Web page caption snippets:
○ ○ ○

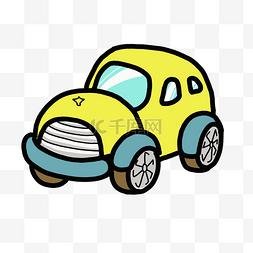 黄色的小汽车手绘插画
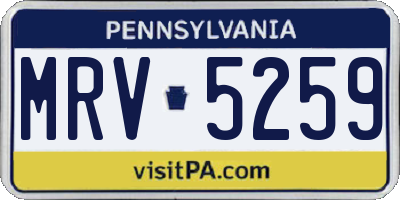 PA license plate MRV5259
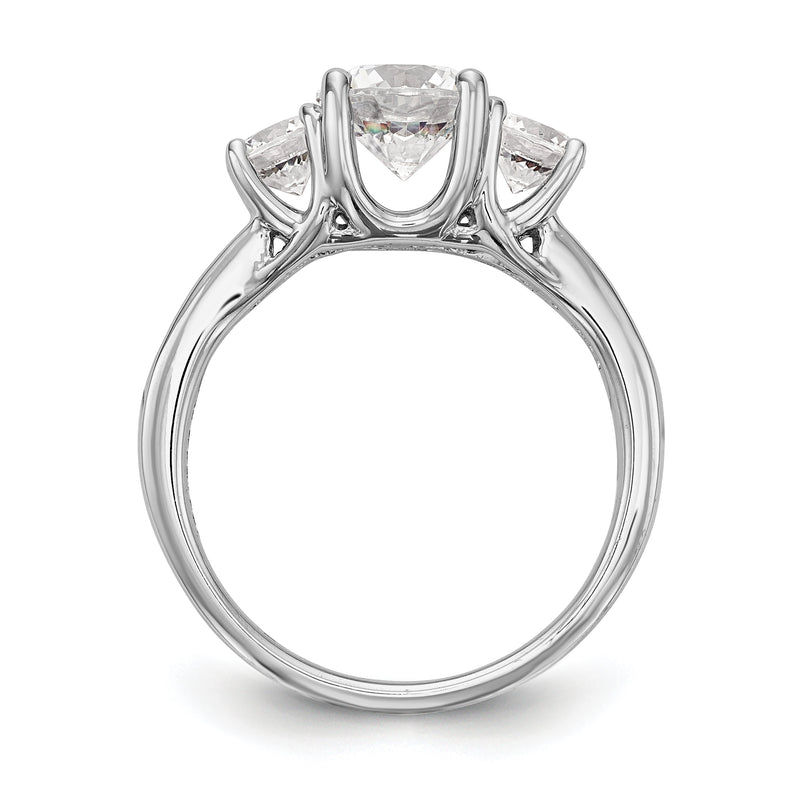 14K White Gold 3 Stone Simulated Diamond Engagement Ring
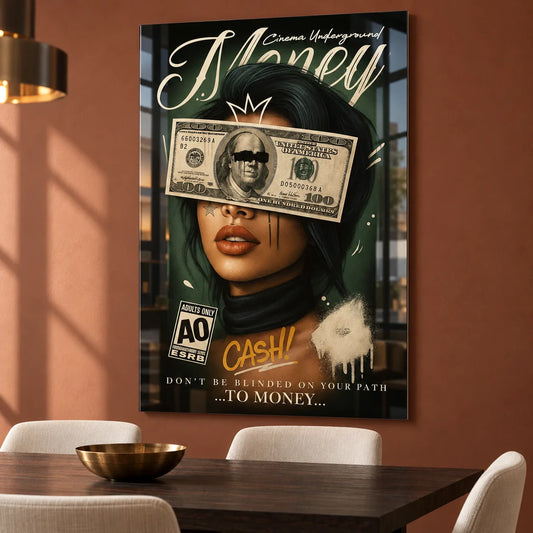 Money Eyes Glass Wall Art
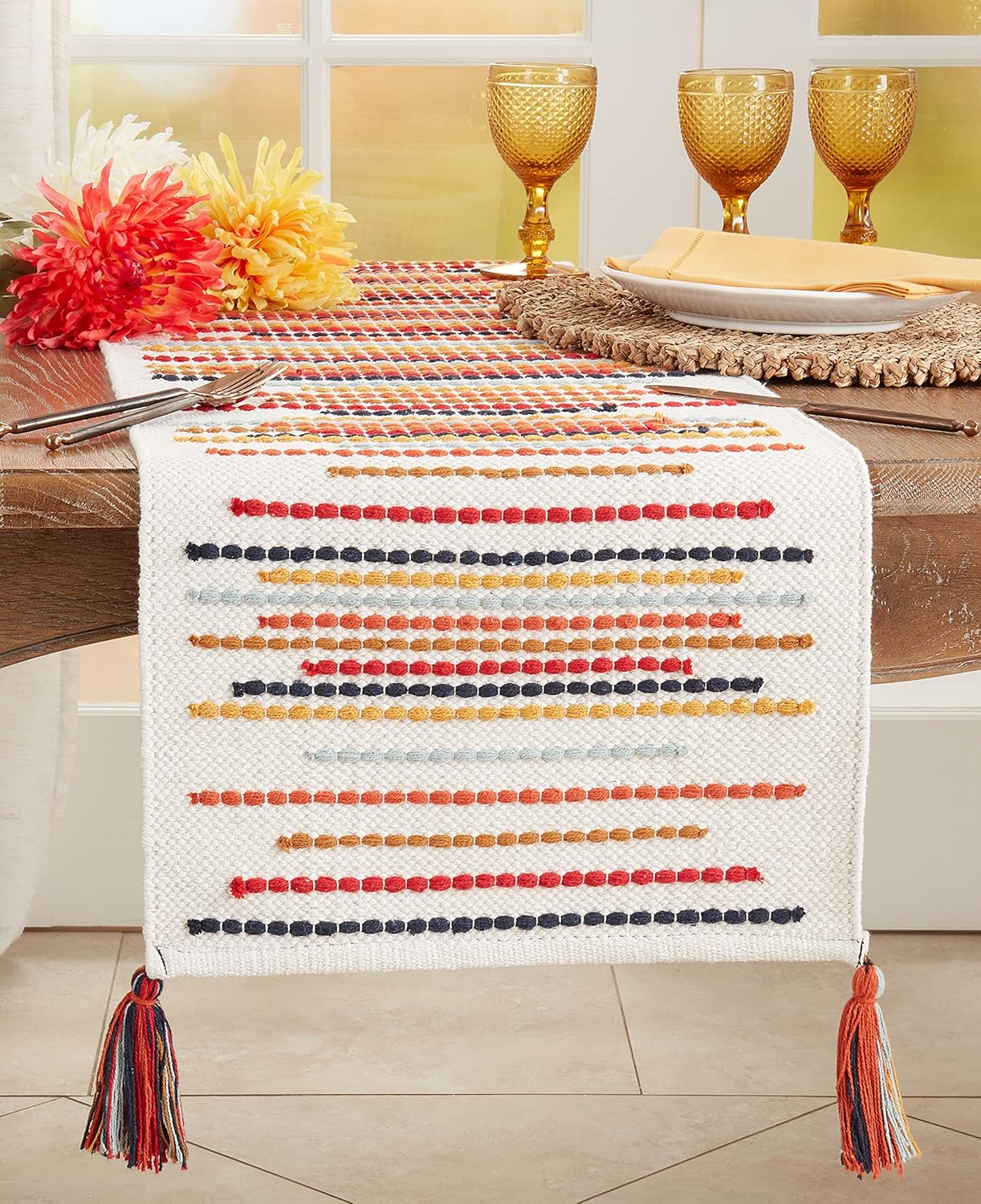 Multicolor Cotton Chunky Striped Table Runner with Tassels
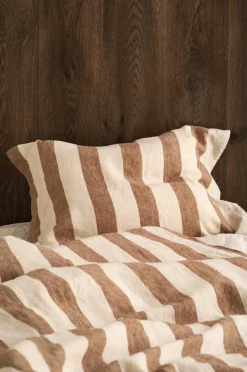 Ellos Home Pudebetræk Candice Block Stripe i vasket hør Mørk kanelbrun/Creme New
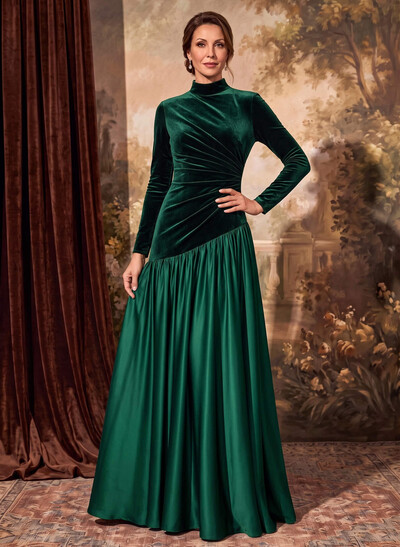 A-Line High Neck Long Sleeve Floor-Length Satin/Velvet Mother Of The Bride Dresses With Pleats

○ ○ ○

Task goal> Find the line containing "Ellos Home Pudebetræk" in the records above, then copy it and every line after it exactly, through the last one, without any pictures.

Expected answer>
 Ellos Home Pudebetræk Candice Block Stripe i vasket hør Mørk kanelbrun/Creme New
 A-Line High Neck Long Sleeve Floor-Length Satin/Velvet Mother Of The Bride Dresses With Pleats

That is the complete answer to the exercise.